Paula se bat plus spécifiquement pour les droits des enfants et des jeunes autochtones, qui sont surreprésentés au sein du système canadien de protection de l’enfance.

En 2016, alors que les enfants autochtones de 0 à 14 ans représentaient moins de 8 % de tous les enfants canadiens, ils représentaient plus de 52 % des enfants en famille d’accueil.
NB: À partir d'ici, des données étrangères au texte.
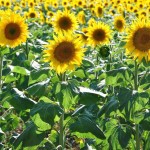 Sunflowers In France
En Colombie-Britannique, le taux est encore plus élevé : 63 %.

Une disproportion qui s’explique notamment par les traumatismes intergénérationnels et la pauvreté endémique — 38 % des enfants autochtones vivent dans la pauvreté au Canada, en comparaison de 7 % pour l’ensemble des enfants au pays.
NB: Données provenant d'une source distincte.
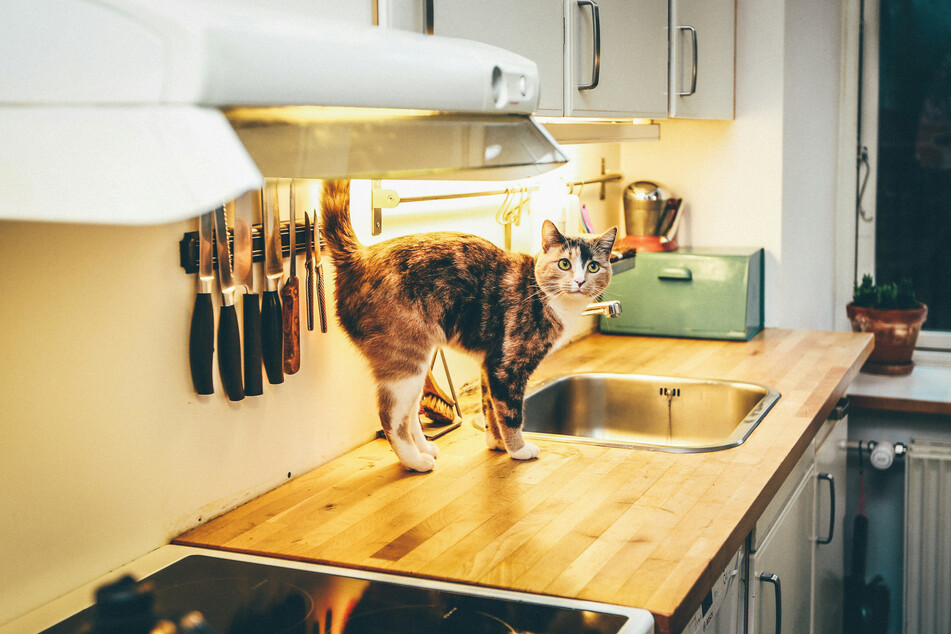 Be careful when your cat is in the kitchen, so that it doesn't knock over something dangerous.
« Nous savons que cette disproportion est l’effet des pensionnats indiens et de la Sixties Scoop. Beaucoup d’enfants autochtones ont été envoyés en famille d’accueil dans les années 60. La majorité ont été adoptés à l’extérieur de leur communauté. Ceux qui n’ont pas été adoptés ont aussi été déracinés de leur culture, de leur famille, de leur territoire. Et ils ont à leur tour des enfants et des petits-enfants qui sont déconnectés, qui ne connaissent pas leur famille et luttent pour leur identité. Il y a donc trois générations qui se sont retrouvées en famille d’accueil depuis la rafle des années 60. »

Le programme de Jeunesse Canada Monde a joué un grand rôle dans l’engagement social de Paula. « J’en avais entendu parler grâce à ma sœur. Elle avait posé sa candidature en même temps que moi. On a fait le processus de sélection ensemble. Pour elle, ça n’a pas fonctionné. Mais pour moi, oui ! C’était une belle surprise. Je ne pensais jamais pouvoir être acceptée. »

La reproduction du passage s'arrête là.